Vladimir Putin, meanwhile, delivered a menacing speech during a televised meeting with his officials on 16 March. As usual, he railed against the West, which he compared to Nazi Germany and insisted was plotting to destroy Russia, but he also threatened his own citizens, lashing out against those he accused of harbouring pro-Western sympathies. “The Russian people will always be able to distinguish true patriots from scum and traitors and will simply spit them out like a fly in their mouth,” Putin said. He called for a “necessary self-purification of society” and claimed to be fighting for “the future of our country and our children”.

The Russian president is hardly the first autocrat – or democrat, for that matter – to claim to be defending his nation against foreign enemies and to smear those who oppose him at home as traitors. Hermann Goering, Hitler’s second-in-command, once explained the process of mobilising public support for a military campaign: “All you have to do is tell them they are being attacked, and denounce the pacifists for lack of patriotism, and exposing the country to greater danger. It works the same way in any country.”

[See also: Mapping Putin’s war on civilians]
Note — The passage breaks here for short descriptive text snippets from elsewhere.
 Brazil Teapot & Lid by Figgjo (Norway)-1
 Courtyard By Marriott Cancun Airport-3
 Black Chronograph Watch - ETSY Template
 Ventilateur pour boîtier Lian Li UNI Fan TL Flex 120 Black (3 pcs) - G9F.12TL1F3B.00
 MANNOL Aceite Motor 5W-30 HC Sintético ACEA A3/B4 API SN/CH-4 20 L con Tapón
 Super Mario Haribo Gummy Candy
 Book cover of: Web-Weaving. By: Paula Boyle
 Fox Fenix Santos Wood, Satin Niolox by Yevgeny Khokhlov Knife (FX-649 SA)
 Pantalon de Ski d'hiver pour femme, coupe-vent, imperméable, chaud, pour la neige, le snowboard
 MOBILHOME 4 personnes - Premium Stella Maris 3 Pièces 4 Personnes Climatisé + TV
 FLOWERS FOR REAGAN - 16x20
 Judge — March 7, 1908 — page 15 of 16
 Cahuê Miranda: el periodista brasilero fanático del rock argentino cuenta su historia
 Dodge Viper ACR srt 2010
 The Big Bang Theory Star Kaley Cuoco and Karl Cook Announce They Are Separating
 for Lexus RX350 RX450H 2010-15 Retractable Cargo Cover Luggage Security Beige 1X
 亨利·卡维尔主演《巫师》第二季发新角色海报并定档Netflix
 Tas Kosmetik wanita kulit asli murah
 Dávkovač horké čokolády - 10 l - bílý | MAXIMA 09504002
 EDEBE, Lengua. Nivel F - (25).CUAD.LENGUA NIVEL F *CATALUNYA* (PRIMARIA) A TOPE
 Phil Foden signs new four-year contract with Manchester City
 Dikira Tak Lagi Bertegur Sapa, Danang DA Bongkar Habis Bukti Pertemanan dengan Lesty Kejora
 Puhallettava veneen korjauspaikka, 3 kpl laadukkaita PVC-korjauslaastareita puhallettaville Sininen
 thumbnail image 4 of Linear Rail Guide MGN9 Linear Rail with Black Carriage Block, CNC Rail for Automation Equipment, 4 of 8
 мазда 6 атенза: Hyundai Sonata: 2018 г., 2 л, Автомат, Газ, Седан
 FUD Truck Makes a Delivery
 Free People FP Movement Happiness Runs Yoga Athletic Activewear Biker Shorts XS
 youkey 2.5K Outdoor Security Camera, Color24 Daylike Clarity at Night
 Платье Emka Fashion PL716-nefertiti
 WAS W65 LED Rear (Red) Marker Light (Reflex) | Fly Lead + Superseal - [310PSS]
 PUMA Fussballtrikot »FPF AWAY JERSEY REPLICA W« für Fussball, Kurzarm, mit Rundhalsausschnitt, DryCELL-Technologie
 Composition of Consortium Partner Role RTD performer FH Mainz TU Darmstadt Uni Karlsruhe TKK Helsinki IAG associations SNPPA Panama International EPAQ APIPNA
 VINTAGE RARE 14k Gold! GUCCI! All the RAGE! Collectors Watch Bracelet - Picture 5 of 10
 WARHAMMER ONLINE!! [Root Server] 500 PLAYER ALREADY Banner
Putin has been cultivating this idea and positioning himself as the great defender of the Russian nation for at least a decade, since his return to the Kremlin for his third term in power in 2012. During his election campaign that spring, which followed a winter of mass anti-government protests across Russia, he held an enormous rally at Moscow’s Luzhniki stadium on 23 February 2012, Defender of the Fatherland Day (an annual holiday to honour Russia’s armed forces). He told his supporters they were fighting to defend their country just as their ancestors had done during the Great Patriotic War, as the Second World War is known in Russia. To resounding cheers, he declared, “The battle for Russia goes on!” 

Over the years since, Putin has ramped up repression, shut down independent media outlets, and dismembered Russian civil society. His speech this week was a clear sign that he intends to crack down further on dissent and a warning that criticism of his war on Ukraine will be considered treasonous. Already, there are reports that state investigators have been told to prepare for a new wave of cases against “traitors” in Russia, and a new law means those convicted of spreading “fake” information about the military could face up to 15 years in prison. The longer Putin’s war on Ukraine goes on, and the greater the danger he perceives to his regime, the more he will double down on his twisted fantasy that it is Russia that is under attack.

Both in Ukraine and Russia, the future looks dark.